Transverse Motion of the Ideal Beam

Consider a thin beam, or rod, aligned parallel to the $x$ axis. We will be interested in the transverse motion of the beam, which we will assume to be restricted to one perpendicular direction; we will call the deflection of the beam from the $x$ axis $w(x,t)$. The relevant material parameters of the beam are the mass density $\rho$, the cross-sectional area $A$, Young's modulus $E$ and $I$, the moment of inertia of the beam about the perpendicular axis. The material parameters are, in general, allowed to be slowly-varying functions of $x$. Under the further assumptions that the beam deflection $w(x,t)$ is small, and that the beam cross-section remains perpendicular to the so-called ``neutral axis'', it is possible to arrive at the Euler-Bernoulli equation [77]:

$$\rho A \frac{\partial^{2}w}{\partial t^{2}} = -\frac{\partial^{2}}{\partial x^{2}}\left(EI\frac{\partial^{2}w}{\partial x^{2}}\right)$$ (5.1)

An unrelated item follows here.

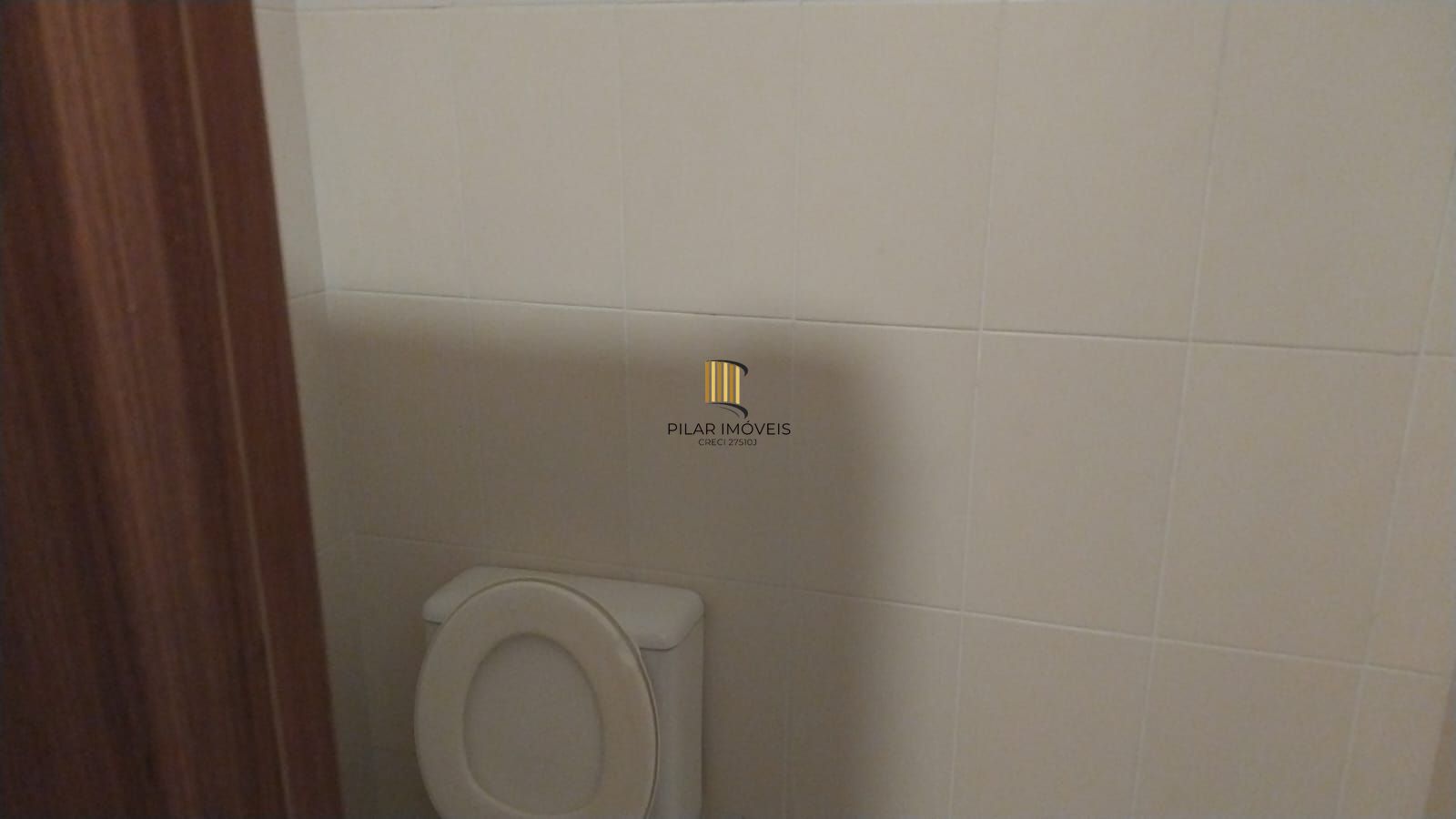 Excelente OPORTUNIDADE! Apto 3 quartos (1 suite) 2 banheiros, com infraestutura de club e Home Office!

Notice that this equation contains a fourth order spatial derivative, resulting from the fact that the beam provides its own restoring stiffness, proportional to its curvature, in marked contrast to the equation for a string, which requires externally applied tension in order to support wave motion. In particular, it does not result from the elimination of variables in a hyperbolic system (see §3.2). If the material properties of the beam do not vary spatially, then (5.1) reduces to the more familiar form

$$\frac{\partial^{2}w}{\partial t^{2}} = -b^{2}\frac{\partial^{4}w}{\partial x^{4}}$$ (5.2)

where $b=\sqrt{\frac{EI}{\rho A}}$. In what follows, however, we will deal with the more general case.